* [ACTIVITY]: Below is a listing. Return the lines from the one that contains "eine Reihe von" to the one that contains "Slide: The Image", both ends included, verbatim and with no pictures.

* [RAW DATA]:
□ □ □ □ □ □ □
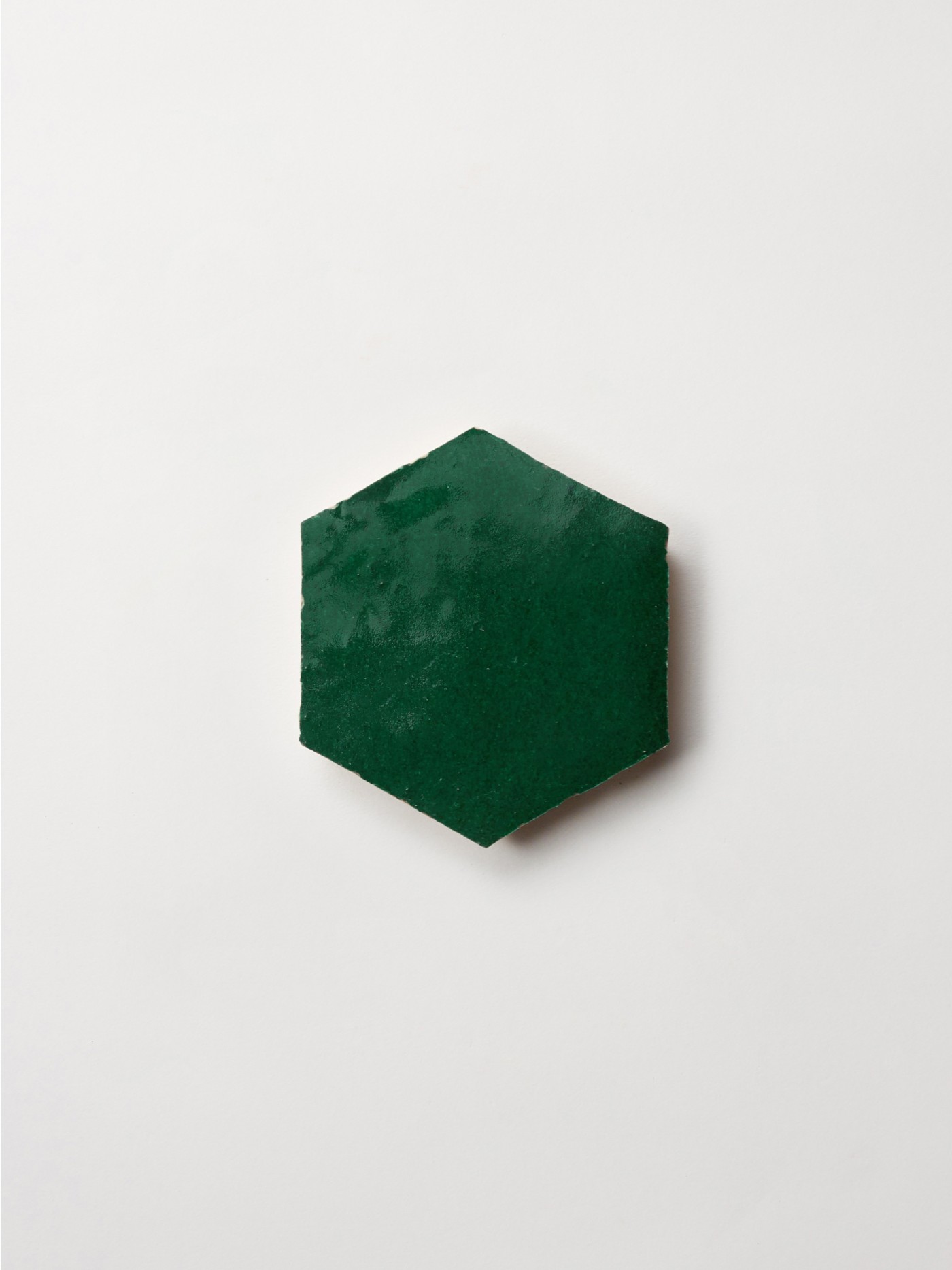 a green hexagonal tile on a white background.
□ □ □ □ □ □ □
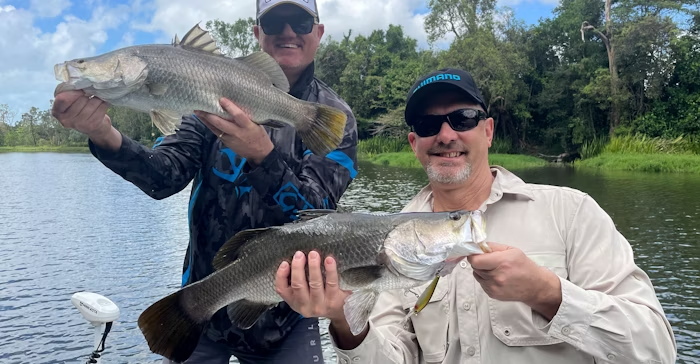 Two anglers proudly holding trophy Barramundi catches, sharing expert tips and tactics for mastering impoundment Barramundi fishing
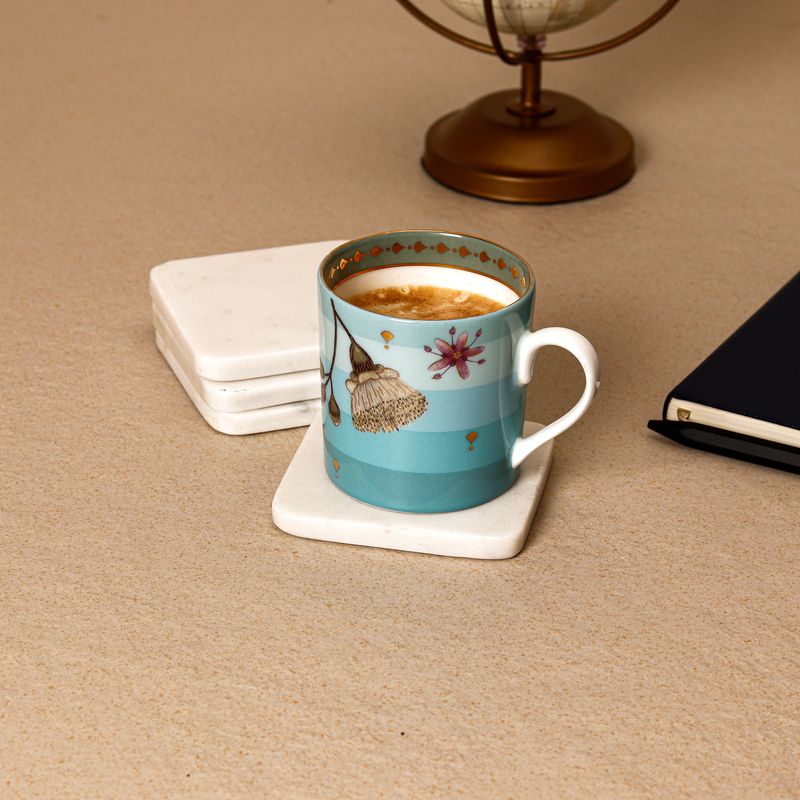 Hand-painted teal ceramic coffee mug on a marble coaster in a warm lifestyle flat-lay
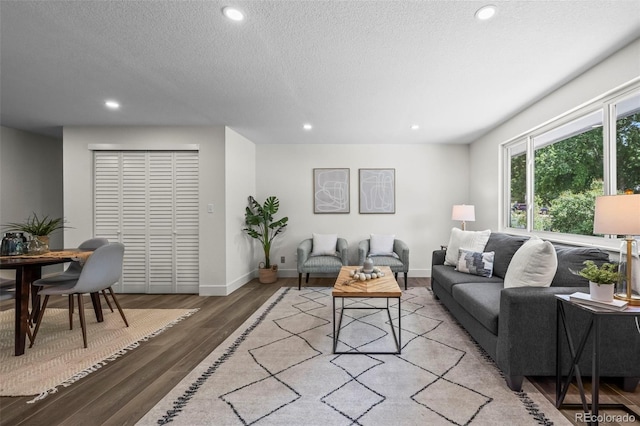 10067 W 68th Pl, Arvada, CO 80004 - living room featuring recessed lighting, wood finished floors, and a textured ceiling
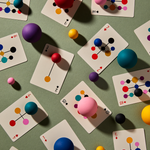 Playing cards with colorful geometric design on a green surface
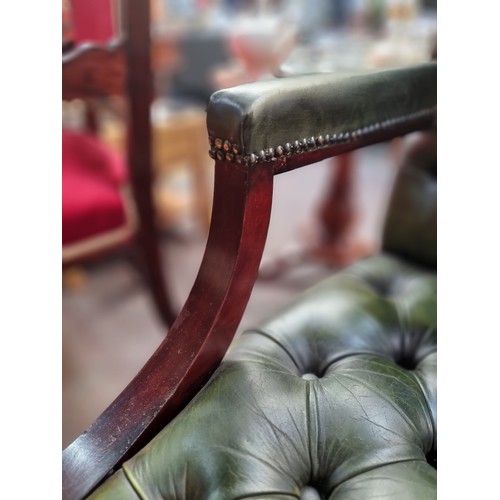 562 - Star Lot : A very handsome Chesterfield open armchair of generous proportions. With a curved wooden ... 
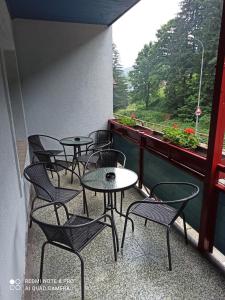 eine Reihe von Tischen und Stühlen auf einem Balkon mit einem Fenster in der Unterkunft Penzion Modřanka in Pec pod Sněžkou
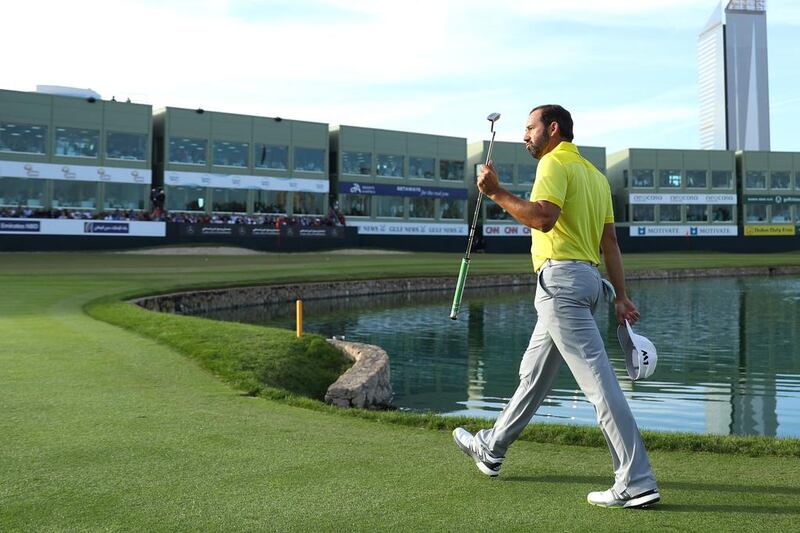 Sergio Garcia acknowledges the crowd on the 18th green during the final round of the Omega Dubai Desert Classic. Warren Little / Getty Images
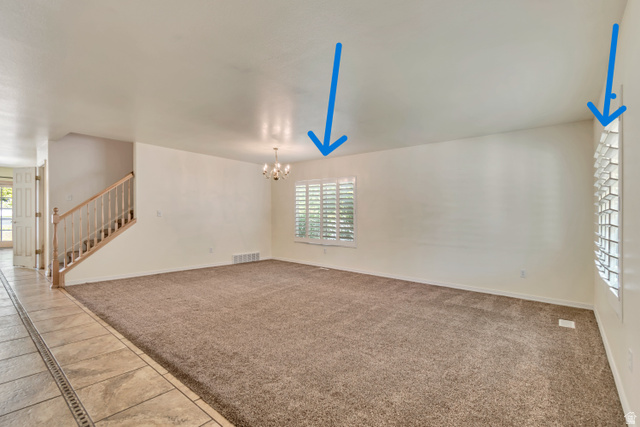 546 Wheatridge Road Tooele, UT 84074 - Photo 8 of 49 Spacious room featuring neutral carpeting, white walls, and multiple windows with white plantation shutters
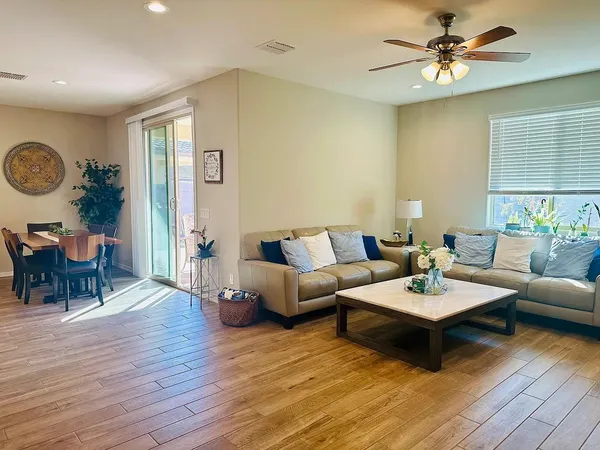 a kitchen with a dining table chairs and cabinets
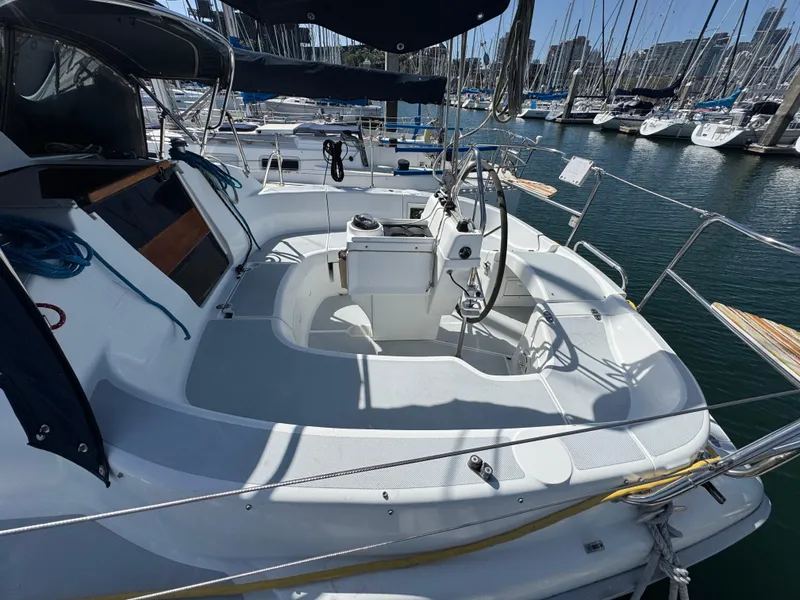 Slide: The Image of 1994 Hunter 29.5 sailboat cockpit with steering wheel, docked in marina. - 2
□ □ □ □ □ □ □
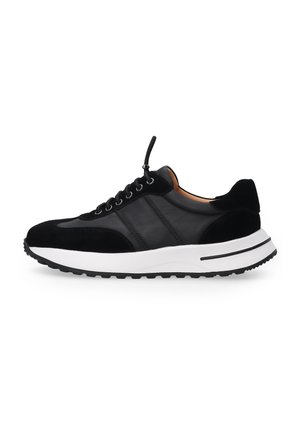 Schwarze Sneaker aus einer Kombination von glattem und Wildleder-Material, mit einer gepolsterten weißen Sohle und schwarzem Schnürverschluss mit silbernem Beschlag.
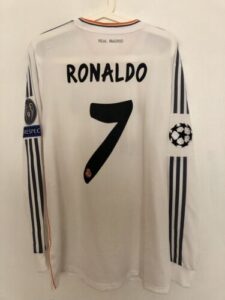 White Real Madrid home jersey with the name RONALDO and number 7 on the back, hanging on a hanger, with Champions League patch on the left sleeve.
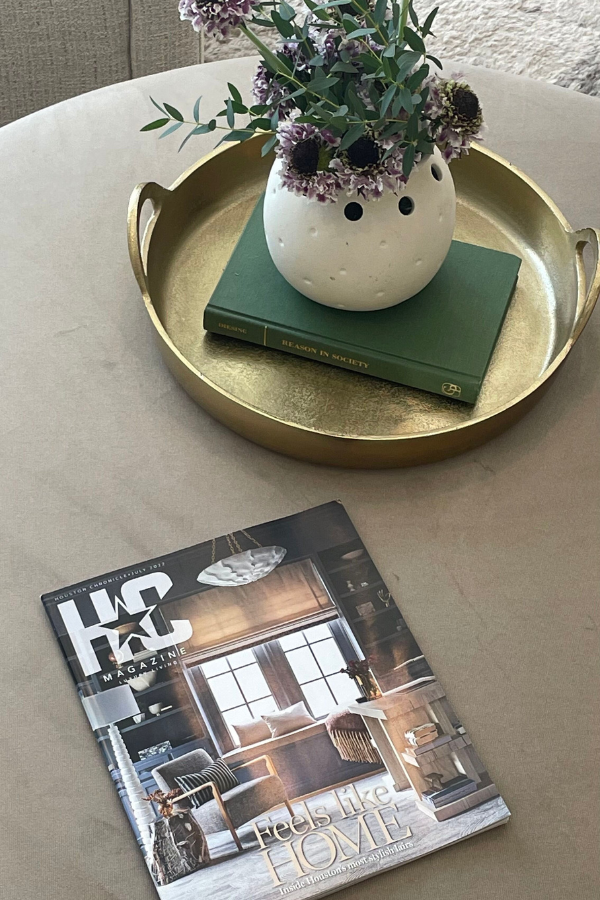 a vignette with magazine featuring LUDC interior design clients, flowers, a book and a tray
□ □ □ □ □ □ □
* [SOLUTION TO THE PROBLEM]:
 eine Reihe von Tischen und Stühlen auf einem Balkon mit einem Fenster in der Unterkunft Penzion Modřanka in Pec pod Sněžkou
 Sergio Garcia acknowledges the crowd on the 18th green during the final round of the Omega Dubai Desert Classic. Warren Little / Getty Images
 546 Wheatridge Road Tooele, UT 84074 - Photo 8 of 49 Spacious room featuring neutral carpeting, white walls, and multiple windows with white plantation shutters
 a kitchen with a dining table chairs and cabinets
 Slide: The Image of 1994 Hunter 29.5 sailboat cockpit with steering wheel, docked in marina. - 2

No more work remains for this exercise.